Giotto's Bell Tower (Campanile di Giotto)
Giotto’s bell tower is part of Florence's Duomo di Santa Maria del Fiore complex, which includes the cathedral, baptistery, dome, and crypt. Designed by Giotto in 1334, the Gothic tower is decorated in the same white, green, and pink marble that covers the adjacent Duomo. It’s divided into five distinct tiers decorated with arched windows, sculptural works from statues to bas-reliefs by della Robbia and Pisano, and geometric patterns of different colored stone.
Giotto’s bell tower is one of the most popular attractions in Florence, and booking a Duomo Complex tour that includes skip-the-line entrance to the tower, cathedral, and baptistery is essential to avoid long lines to enter. Many Florence sightseeing walking tours and shore excursions also visit highlights like the Uffizi, Accademia Gallery (Galleria dell'Accademia), and Piazzale Michelangelo.
Things to Know Before You Go
Giotto’s bell tower is a must for first-time visitors to Florence. Kids especially love the exhilarating climb and vertiginous view from the top of the tower.

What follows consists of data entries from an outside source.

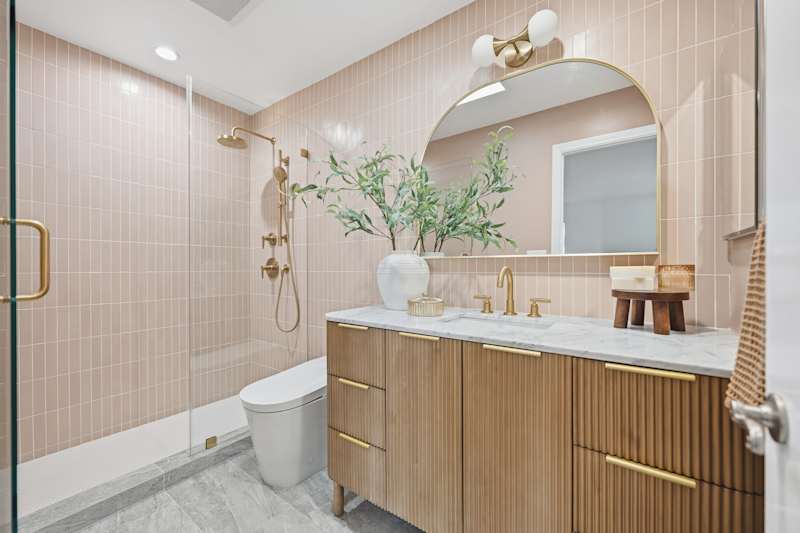 Interior shot of a luxury contemporary bathroom featuring a fluted white vanity, striking pink vertical tiling, and elegant brass hardware fixtures.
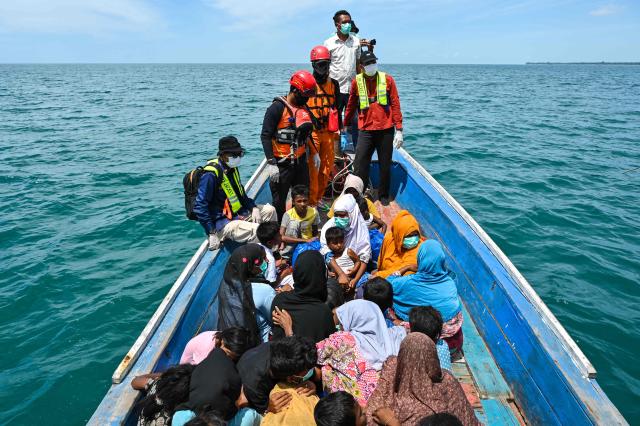 (FILES) Search and rescue members evacuate Rohingya refugees from a boat after a week anchored ashore off the coast of Labuhan Haji in Southern Aceh province on October 24, 2024. Last year was the deadliest on record for Rohingya refugees fleeing by sea, with nearly 900 reported dead or missing in shipwrecks in the region, the United Nations said on April 17, 2026. (Photo by CHAIDEER MAHYUDDIN / AFP)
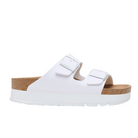 The BIRKENSTOCK Womens Arizona Flex Platform sandal in white features two buckle straps, a cork footbed, and a white rubber sole, displayed in a side profile.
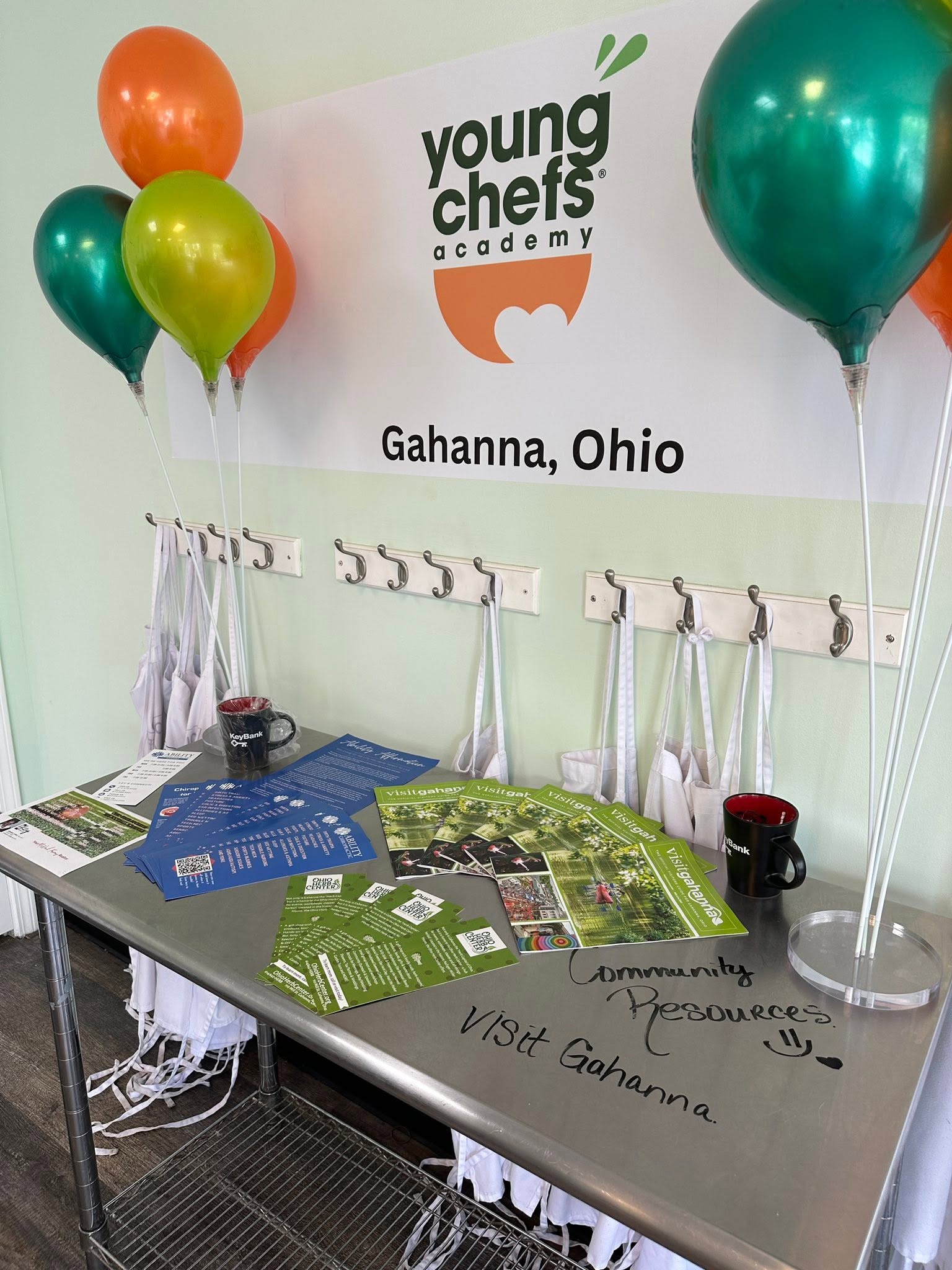 young chef's academy booth at festival with aprons and balloons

There is a single skip-the-line ticket to enter all five parts of the Duomo complex—church, crypt, dome, bell tower, and baptistery—and the Museo dell'Opera. The ticket is good for 72 hours after the first use.
There is a lot of ground to cover in the Duomo complex, so be sure to wear comfortable shoes if taking a guided tour.
If you are also planning on visiting the church, choose clothing that covers your shoulders and legs.
There is no elevator to the top of the bell tower, so the climb is not recommended for those with heart problems, vertigo, or limited mobility.
How to Get There
Giotto’s bell tower is in the Piazza del Duomo, just a 5-minute walk from the Santa Maria Novella train station in the historic center of Florence.
When to Get There
The Duomo complex in Tuscany’s capital city of Florence is one of the most visited attractions in Italy and can be very crowded during the summer months. The best time to tour the bell tower and complex is from November to March, when the city sights are less overrun with tourists.
The Duomo’s Second Eagle-Eye View
Florence’s Duomo complex offers two sweeping views over Florence: one from the top of Giotto’s bell tower and the second from Brunelleschi’s dome, which sits atop the Duomo itself. An important feat of engineering and architecture, the dome was completed in 1436 and is one of the most recognized symbols of the city today.